Wednesday, August 01, 2007

Dealing with Errno::EBADF in ruby net/http

In August 2006 I posted a question in a forum about an error (Bad File Descriptor) I was getting when using the net/http library of Ruby. Today, almost one year latter, I received an email from someone with that same problem asking for my advice and a few hours latter the same person wrote again saying he found a satisfactory solution and wanted to share it with me.

As part of this wonderful online community I am obliged to share my new knowledge in hopes it is useful to others as it was useful for me.

The Bad File Descriptor error (Errno::EBADF) occurred sporadically while using the net/http library to connect to a lot of pages (web spider) in a short time span. The main problem was that I could never catch that error (i.e. rescue it) and the script would not finish leaving a lot of pages without processing. To solve this problem at the time I split my script is several smaller ones and added a small delay between web pages.

My solution works but that small delay for a thousand pages add up and the scripts take not minutes but hours to finish.

The email I got explained that the cause of this error is that the operating system (Win XP) is running out of TCP ports for new connections.
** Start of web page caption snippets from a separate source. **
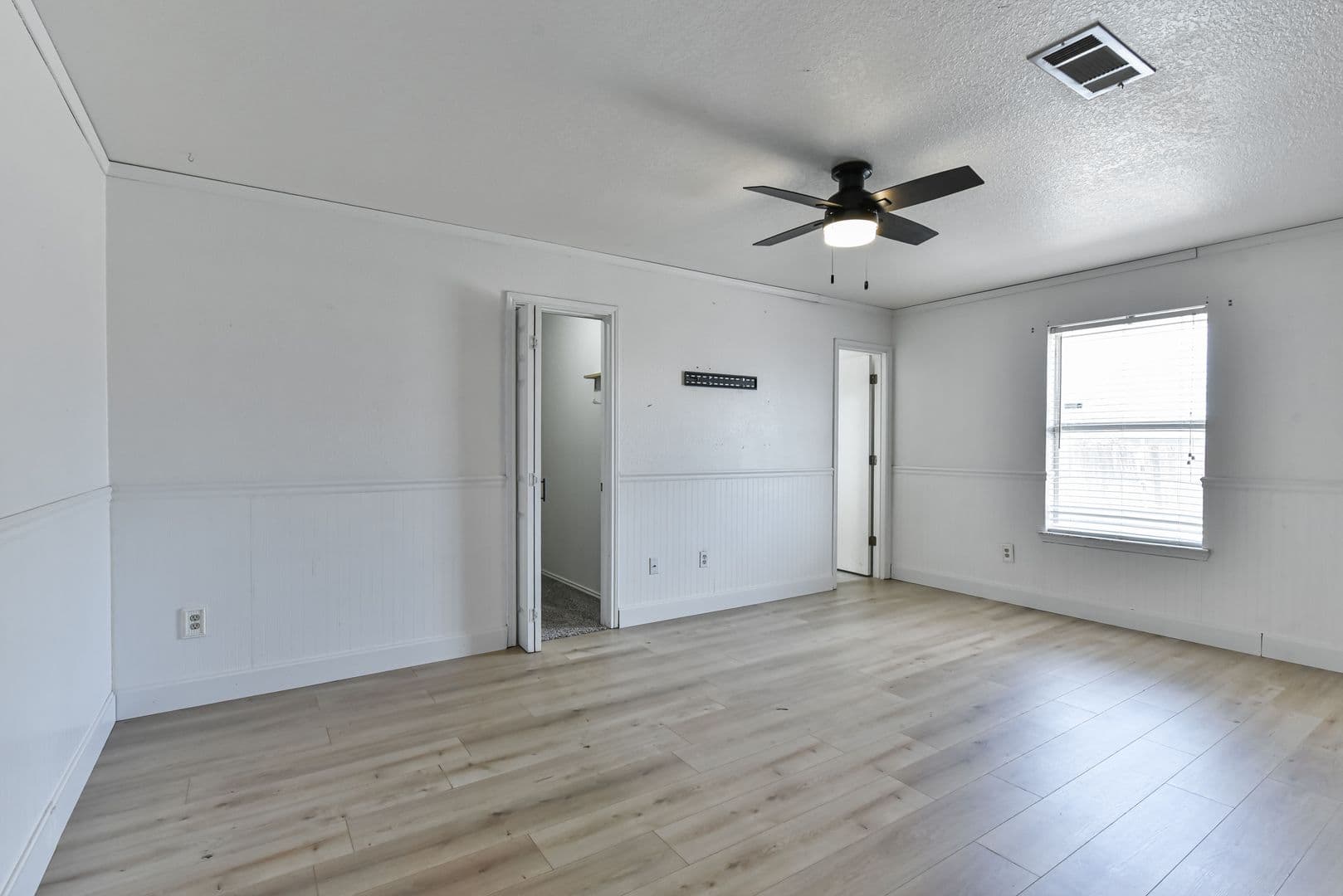 Killeen House: R4413 Blueduck Dr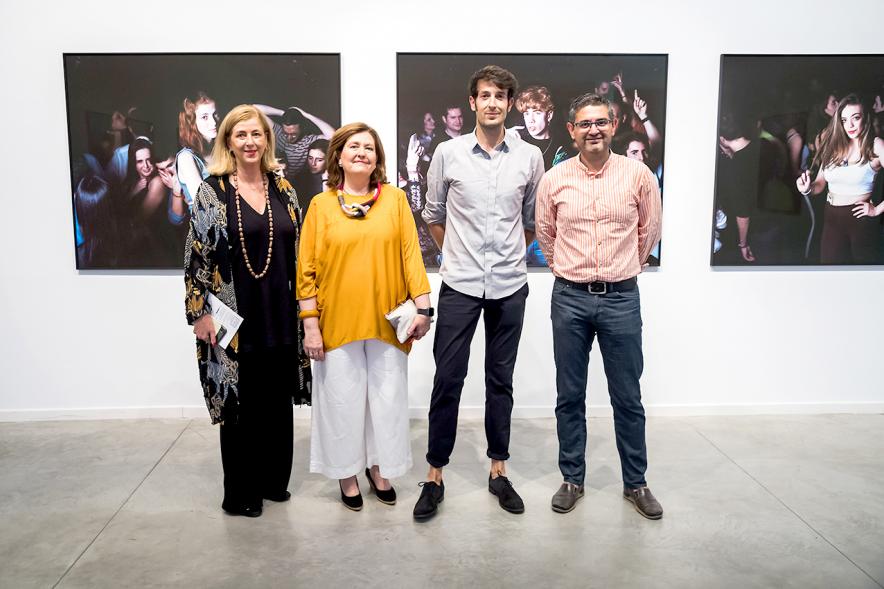 Directora del centro de Arte Belén Pool, Representantes del consistorio y Jesús Madriñán, posando en la Inauguración. 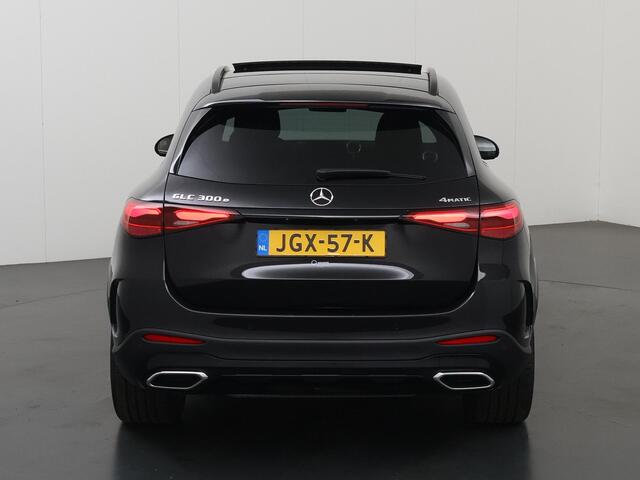 Mercedes-Benz GLC-KLASSE 300e 4MATIC Sport Edition | Night | Panoramadak | Trekhaak | Burmester | Rijassistentiepakket | Head-up display | Memory stoelen |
Many of the sockets open are put in TIME_WAIT state (meaning that the client has closed but the server has yet to close from its side).

The first approach to solve this is to force Ruby to close the connection but there is no such facility, at least in Ruby 1.8.x, for doing it. The second solution and the one I received by mail was to increase the upper range of dynamically allocated to client TCP/IP connections to a value.

Here are the instruction on how to do it:
http://msdn2.microsoft.com/en-us/library/Aa560610.aspx

If you expect to make a lot of http connections fast using Ruby in a Windows XP machine then you better increase that number of ports or you will be around asking yourself what this random EBADF error is all about.